A lovely person on here is sending me one.Thanks for all your help everybody


----------



## Dragonfly (Jun 6, 2010)

Aw that is very nice of them Michele! Can't wait to see how it looks on the lovely little Dottie!


----------



## guccigrande (Apr 17, 2011)

There are 2 awesome sellers on the uk ebay website that make gorgeous and tiny clothes
one is 1-2-3rt and the other is piggyb's
Just search 'handmade chihuahua clothes' it should come up
And also try urbanpup which is another awesome uk website and has sizes from xxs

US websites like g.w little and doggiecouture also delivery to the UK and they have GORGEOUS things


----------



## 20887 (Mar 16, 2011)

I second the sock idea! You can get those really fuzzy socks to use as a sweater until she grows. I might try that for Penny.


----------



## liss77 (Feb 9, 2011)

Hi Michelle,

I can't help with where to buy one because I am in Australia, but I can give you a brand to look out for. I got Pebbles a fantastic coat made by dog-gone smart wear. At about 2lb it fits perfectly. The tag says it is an 8 which I am assuming means 8".

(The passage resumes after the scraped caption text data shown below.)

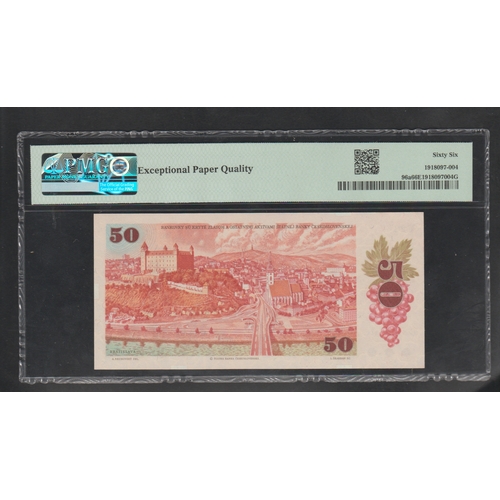 762 - Czechoslovakia, State Bank
Pick# 96a 1987 50 Korun - Printer: STC-P
S/N F23 636250 - Wmk: Stars & Li... 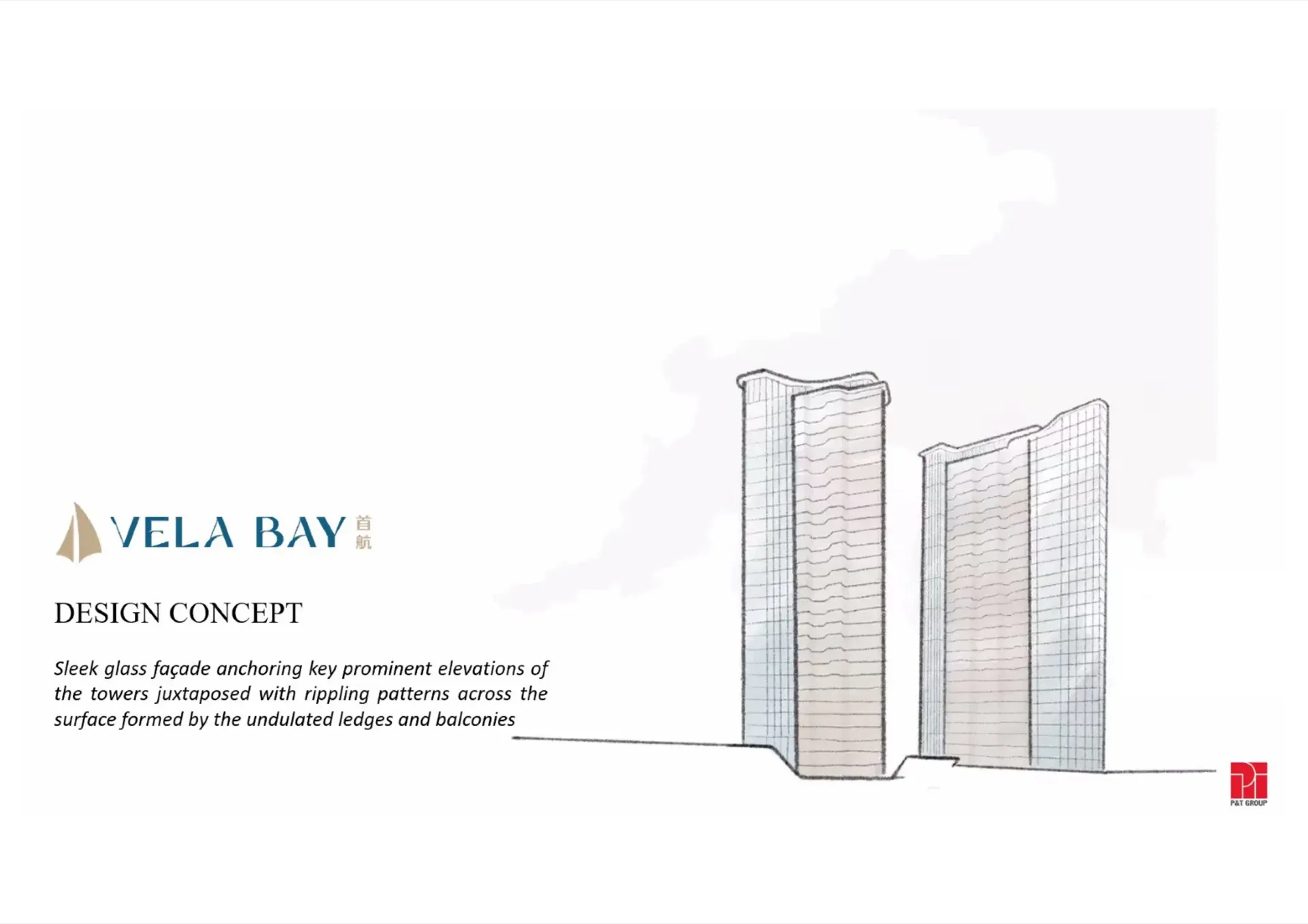 Vela Bay design concept — sleek glass facade with rippling balcony patterns by P&T Group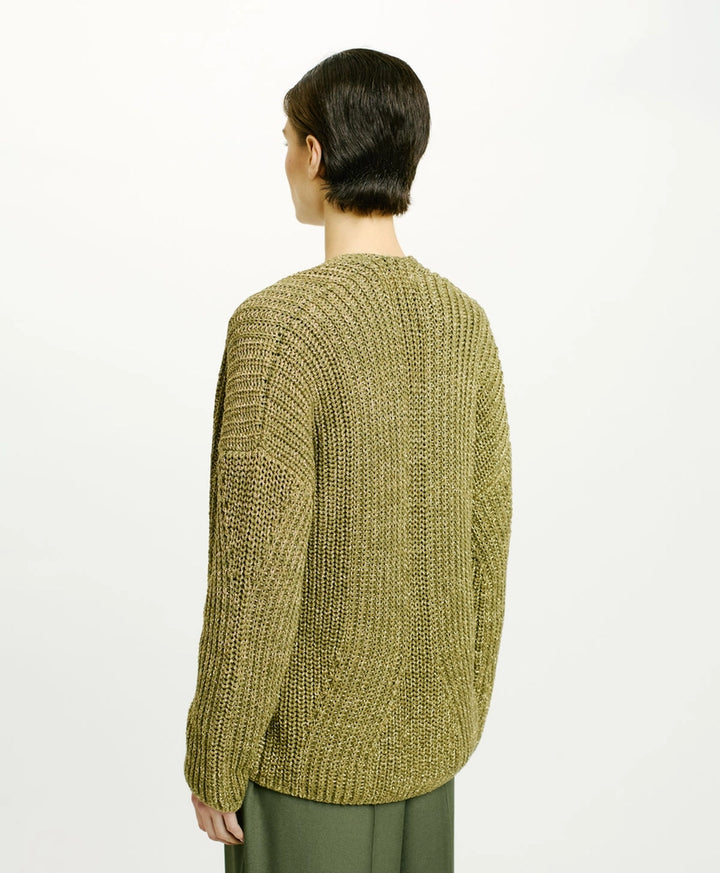 Momoni Aiwe Cardigan in Corn Cob Stitch Verde - Mildred Hoit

It has a website on the tag which is Dog Gone Smart Beds . Might be worth checking if they have a distributor anywhere near you or if you can order online. Or if Dottie is going to stay small I can send you Pebbles' after this winter because it won't fit her for too long  You can never have too many coats lol


----------



## flippedstars (Dec 16, 2009)

The XS Pinkaholic hoodies are really quite small, they fit my girls up to about 2 lbs.


----------



## flippedstars (Dec 16, 2009)

The Paw-Risian Bistro. Polka Dot Dog Hoodie - Dog Clothing, Dog T Shirt, Dog Clothes, Small Dog T Shirt and Small Dog Clothes from the Pawrisian Bistro and Small Dog Clothes Boutique. there's 1 example. They really fit more of a 7-9" chest, if that. They are pricey but well made and so cute!


----------



## KayC (May 3, 2005)

When Zoey was tiny Amanda knited her the cutest tiny sweater ever


----------



## michele (Jan 12, 2009)

Thanks everybody,wow what a choice


----------



## kimr (Nov 14, 2010)

You might also google 'ferret coats/clothing'. I really think some of them will fit a tiny Chi!


----------



## susan davis (Mar 25, 2011)

When Zarita was little, I bought a pair of heavy ski socks, cut the two little holes for her feet, and she was as snug as a bug!! She didn't/doesn't like to wear a coat, but she was in 40 degree weather in Vermont, and she was only 2.5 pounds! Sue


----------